Next, by the matrix equation $Av=\lambda v$. Left side means rotation by $\pi /2$, if you relate $v$ to a complex number, this just means $i$ times $v$, so $Av=i v$, equivalent to the fact that eigenvalue is $i$.

Answer 2

Another view: $T$ generalizes to something called an almost complex structure on, say, a vector bundle. The only condition is that $J$ is a linear operator such that $J^2 = - \textrm{Id}$; such structures are valuable because they admit a $\mathbb{C}$-module structure on an otherwise real vector space by defining $i x := Jx$ for $x \in V$, where $V$ is a $\mathbb{R}$-vector space. Since $J$ satisfies its own characteristic polynomial (Cayley-Hamilton), the condition $J^2 = - \textrm{Id}$ implies that there are eigenvalues $\pm i$.

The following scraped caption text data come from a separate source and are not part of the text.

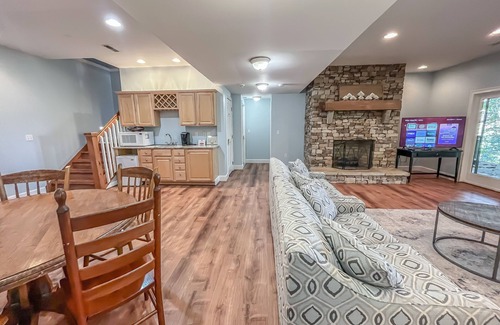 Thayerville House | New: Lakefront Luxury Home with Private Indoor Heated Pool!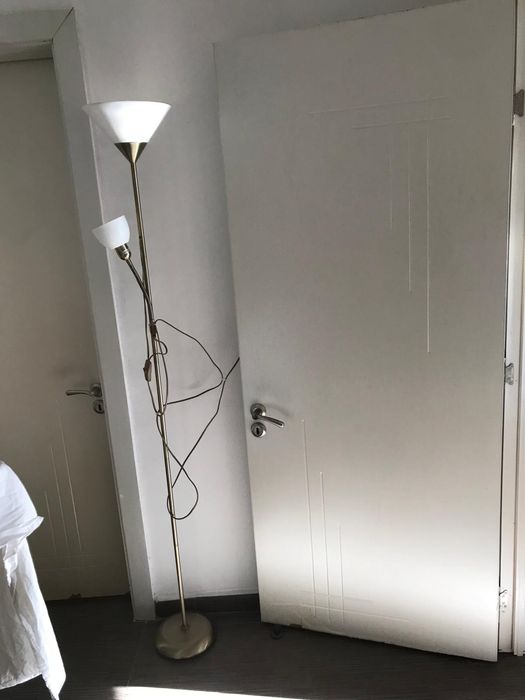 Продавам три броя врати с каси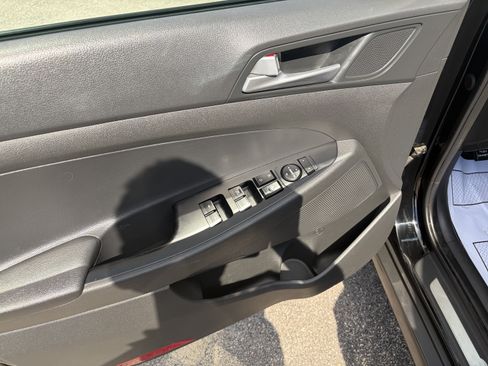 Used 2016 Hyundai Tucson Limited w/ Option Group 03 FWD image 11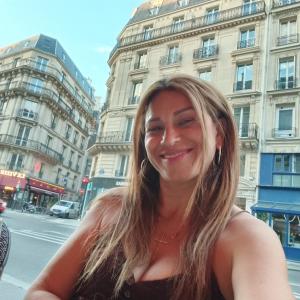 Chica busca chico en Granada: 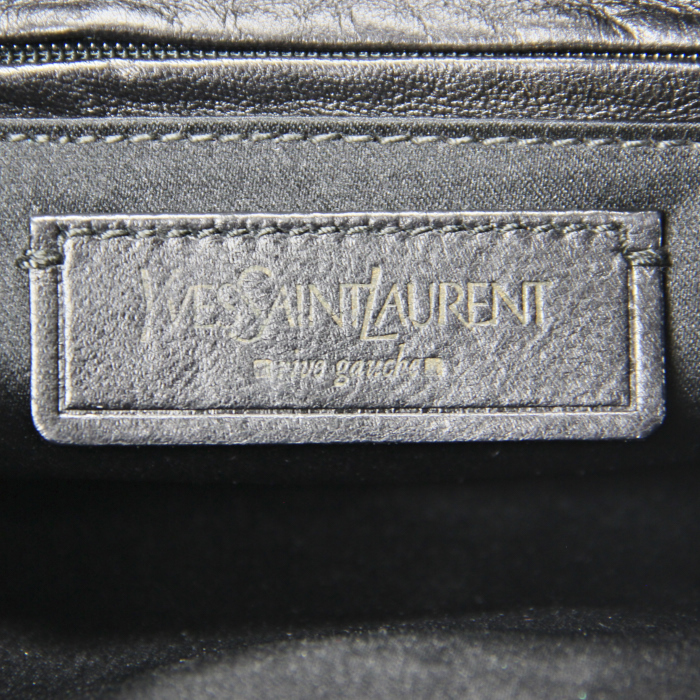 Yves Saint Laurent en cuir noir  - Detail D3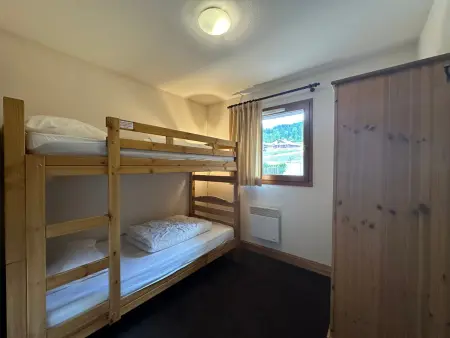 Appartement spacieux 4 chambres, pieds pistes, parking inclus - Photo 6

You can construct these on $\mathbb{C}^n$ in a natural way: look at the endomorphism induced by multiplying vectors by $i$ when viewing $\mathbb{C}^n$ as $\mathbb{R}^{2n}$. In your example, consider $\mathbb{C}$ as $\mathbb{R}^2$ in the standard fashion; that is, $x+ i y \mapsto (x,y)$. Then, look at the induced matrix transformation when multiplying by $i$ on each basis vector. We see $$i \cdot (1,0) = i \cdot 1 = i = (0,1)$$ and $$i \cdot (0,1) = i \cdot i = -1 = (-1,0)$$ Thus the induced endomorphism when viewing $i$ as a transformation of $\mathbb{C}$ as a real vector space is precisely the matrix $$T = \begin{pmatrix} 0 & -1 \\ 1 & 0 \\ \end{pmatrix}$$ And, of course, $i = e^{i \pi/2}$ in the complex plane, which means that multiplication by $i$ is the same as rotating a complex number $90$ degrees. Thus we deduce that $T$ as above has the effect of rotating a real vector $90$ degrees in $\mathbb{R}^2$.